The quarterly publication of the Stable Value Investment Association
Third and Fourth
Quarter 2005 • Volume 9 Issue 3 & 4
A World Without the SVIA?
By Randy Myers
In the classic film It's a Wonderful Life, the heavily burdened George Bailey learns what the world would have been like if he hadn't been born. Seeing the good he's done, he regains his zeal for life. Addressing the SVIA Forum, outgoing SVIA Chairwoman Victoria Paradis considered what the financial world would be like without the SVIA. She concluded that like George Bailey, it has played an important role for many people, not just its own members. In a worst-case scenario, she says, a world without the SVIA might have resulted in a world without stable value investments. If so, millions of stable value investors might be lamenting the lower returns they'd be earning on money market funds right now, or the increased volatility they'd be experiencing with bond funds.
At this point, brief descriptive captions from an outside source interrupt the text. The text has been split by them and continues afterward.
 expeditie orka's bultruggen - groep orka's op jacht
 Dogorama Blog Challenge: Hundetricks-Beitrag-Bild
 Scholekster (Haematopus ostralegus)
Paradis noted that the stable value industry relies on favorable regulation, legislation and accounting rules to preserve its unique book-value accounting in what has increasingly become a fair-value world. Over the past several years the SVIA has been instrumental in championing its role in the financial marketplace. In the future, she said, maintaining the industry's complex framework will require that the industry continue to speak with a consolidated and powerful voice.
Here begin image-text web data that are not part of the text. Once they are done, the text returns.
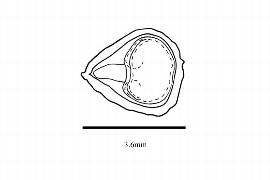  Embryo:  Cadellia pentastylis ; Illustration by K. Parker, Kirkbride et al. (2006)
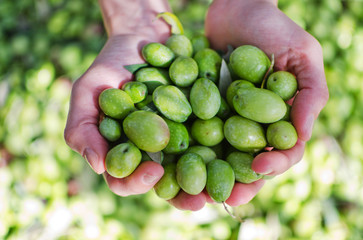 Hands holding green olives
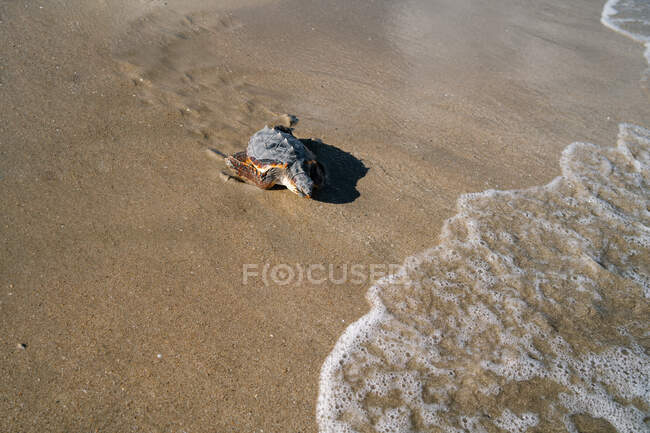 Дикая выпущенная черепаха на карапасе на песчаном берегу моря в солнечный день — стоковое фото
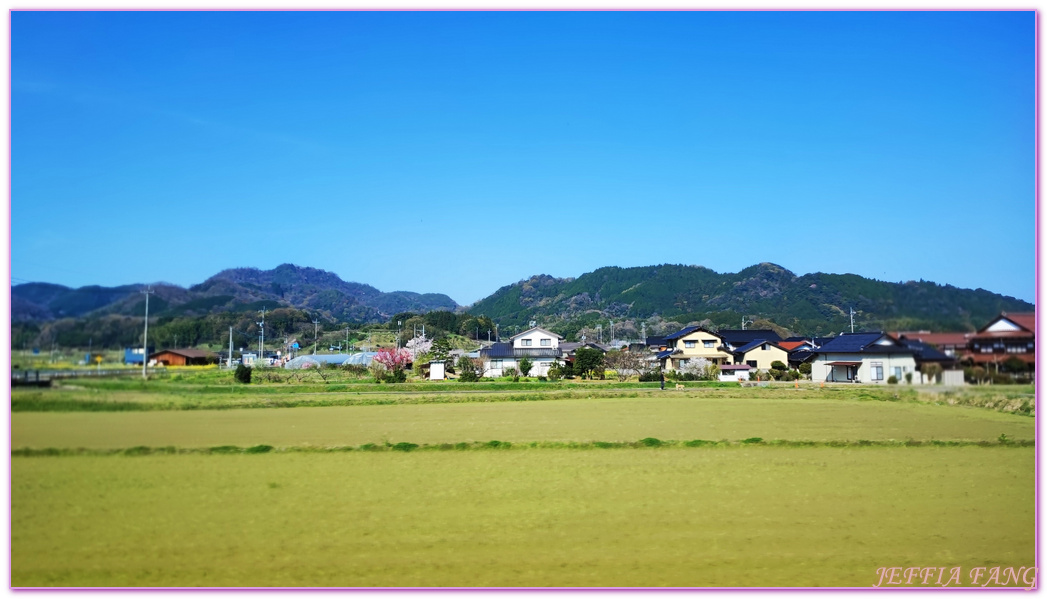 TOTTORI,山陰,日本旅遊,望湖樓,東鄉湖,湯梨濱町,羽和溫泉,鳥取,鳥取溫泉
The SVIA's accounting and communications committees both serve that effort, Paradis said. Their efforts are buttressed, she said, by the sheer size of the stable value industry, which exceeds $400 billion. Regulators and legislators alike appear to have recognized that rulings adverse to the stable value marketplace would have a negative impact on the investment activities of millions of retirement plan investors, Paradis said.
The industry has faced challenges in recent years. Adverse regulatory decisions on accounting for stable value mutual funds effectively shut down that fledgling business just several years after its launch is just one example. Still, Paradis insisted that significant growth opportunities remain. Growth of stable value's primary market, defined contribution retirement plans is expected to grow. The consulting firm Cerulli Associates expects the defined contribution market to enjoy asset growth of 9 percent annually over the next several years with assets reaching $4 trillion by the year 2010. While stable value should grow simply as a slice of a bigger pie, Paradis also said the industry has a chance to increase its market share. It can do that, she said, both by winning assets from other conservative investment options and by gaining representation in the lifestyle funds that are becoming increasing popular in defined contribution retirement plans.
To make this growth happen, though, Paradis said the SVIA will need a continued long-term financial commitment from its members, along with active, thoughtful voices willing to tackle the challenges and opportunities the industry faces.